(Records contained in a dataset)
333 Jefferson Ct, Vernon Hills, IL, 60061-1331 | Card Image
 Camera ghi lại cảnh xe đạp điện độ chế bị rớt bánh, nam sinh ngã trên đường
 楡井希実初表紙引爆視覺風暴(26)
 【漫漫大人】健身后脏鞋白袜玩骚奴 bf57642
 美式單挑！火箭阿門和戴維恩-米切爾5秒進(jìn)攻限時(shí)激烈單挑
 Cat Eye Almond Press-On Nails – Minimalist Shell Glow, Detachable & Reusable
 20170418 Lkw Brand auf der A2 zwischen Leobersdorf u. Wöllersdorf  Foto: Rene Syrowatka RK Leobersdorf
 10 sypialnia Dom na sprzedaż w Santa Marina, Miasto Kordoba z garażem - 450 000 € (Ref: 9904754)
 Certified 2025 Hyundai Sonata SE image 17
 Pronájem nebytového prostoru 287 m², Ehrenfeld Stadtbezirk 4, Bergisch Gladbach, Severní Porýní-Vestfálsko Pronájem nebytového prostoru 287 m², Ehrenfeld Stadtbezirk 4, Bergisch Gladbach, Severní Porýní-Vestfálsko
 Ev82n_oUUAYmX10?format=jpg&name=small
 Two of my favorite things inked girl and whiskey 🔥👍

:: WHAT YOU HAVE TO DO ::
Nothing but the lines from the one with "Ev82n_oUUAYmX10?format=jpg&name=small" through the last line of the data should appear; print them exactly.

:: RESPONSE TO THIS TASK ::
 Ev82n_oUUAYmX10?format=jpg&name=small
 Two of my favorite things inked girl and whiskey 🔥👍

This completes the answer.